At 04:51 PM 1/24/2003 -0800, Rasmus Lerdorf wrote:
Which broken systems?  Certainly not on FreeBSD or Linux.  A little test:

      stat("/home/rasmus/foo/u2.inc",&sb);

That ends up doing just a single stat on FreeBSD:

stat("/home/rasmus/foo/u2.inc",0x9fbffa0c)       = 0 (0x0)

and on Linux:

stat64("/home/rasmus/foo/u2.inc", {st_mode=S_IFREG|0644, st_size=12, ...}) = 0
Yes you are right. But I still think the advantages of having a canonical file path is good. It improves error messages, it allows for open_basedir and include_once() to work 100%. I don't think it's worth killing good stable functionality for this.
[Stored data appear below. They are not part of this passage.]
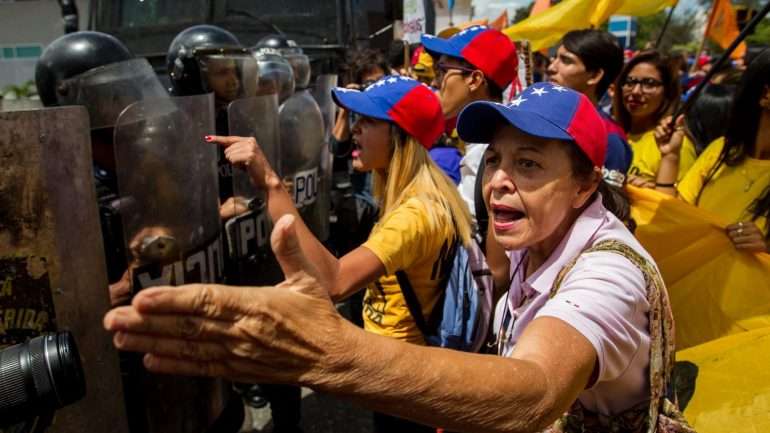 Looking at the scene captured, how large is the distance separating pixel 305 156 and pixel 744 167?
225 cm

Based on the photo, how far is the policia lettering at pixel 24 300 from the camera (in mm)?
1260

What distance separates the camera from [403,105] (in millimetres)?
2145

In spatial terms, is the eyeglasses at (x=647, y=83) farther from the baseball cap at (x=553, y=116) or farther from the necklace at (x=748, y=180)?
the baseball cap at (x=553, y=116)

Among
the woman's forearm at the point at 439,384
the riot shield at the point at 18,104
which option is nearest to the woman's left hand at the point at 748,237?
the woman's forearm at the point at 439,384

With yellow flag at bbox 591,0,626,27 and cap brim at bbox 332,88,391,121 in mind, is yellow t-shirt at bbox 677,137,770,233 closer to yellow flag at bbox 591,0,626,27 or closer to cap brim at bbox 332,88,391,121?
yellow flag at bbox 591,0,626,27

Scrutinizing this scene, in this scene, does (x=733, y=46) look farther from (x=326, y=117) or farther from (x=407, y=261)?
(x=326, y=117)

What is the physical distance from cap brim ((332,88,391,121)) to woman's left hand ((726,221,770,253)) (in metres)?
1.46

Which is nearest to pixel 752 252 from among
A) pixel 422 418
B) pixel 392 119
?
pixel 392 119

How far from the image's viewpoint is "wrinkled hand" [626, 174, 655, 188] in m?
3.03

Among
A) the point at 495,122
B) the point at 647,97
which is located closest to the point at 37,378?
the point at 495,122

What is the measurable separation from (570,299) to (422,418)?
0.38 meters

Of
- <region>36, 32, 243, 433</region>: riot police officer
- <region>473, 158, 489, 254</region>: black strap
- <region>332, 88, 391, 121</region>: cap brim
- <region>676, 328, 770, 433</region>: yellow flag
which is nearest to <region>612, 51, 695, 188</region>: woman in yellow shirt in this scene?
<region>473, 158, 489, 254</region>: black strap

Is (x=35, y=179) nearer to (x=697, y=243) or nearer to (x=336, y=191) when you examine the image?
(x=697, y=243)

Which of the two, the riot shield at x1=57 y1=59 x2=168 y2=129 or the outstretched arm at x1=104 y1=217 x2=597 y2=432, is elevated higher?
the riot shield at x1=57 y1=59 x2=168 y2=129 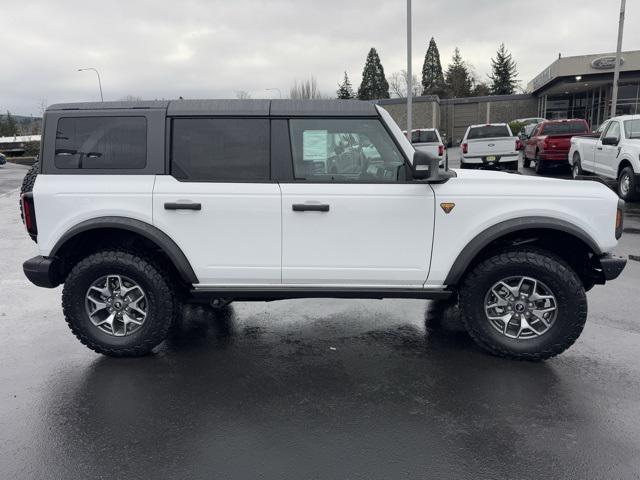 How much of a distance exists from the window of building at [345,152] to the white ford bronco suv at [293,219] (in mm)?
11

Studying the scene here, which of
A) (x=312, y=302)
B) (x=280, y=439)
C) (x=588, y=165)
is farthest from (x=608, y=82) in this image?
(x=280, y=439)

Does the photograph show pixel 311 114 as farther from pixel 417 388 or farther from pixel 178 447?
pixel 178 447

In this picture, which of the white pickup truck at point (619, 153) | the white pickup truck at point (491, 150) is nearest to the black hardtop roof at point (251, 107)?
the white pickup truck at point (619, 153)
What needs to be taken from your timings is not the relative time of stat() vs. realpath() but the absolute times. You can see that on Linux the speed of realpath() is 12 microsecond. I don't believe you can feel this in a script even if you have tens of realpath()'s per script (at least vs. stat()). Now on FreeBSD it takes about half a millisecond. That is much more but I'm not sure it's still worth breaking functionality for this.

That said, we could possibly have a fast mode and use fstat() to get some device information on the open file. I am worried about functionality though. I'm not sure it's worth breaking.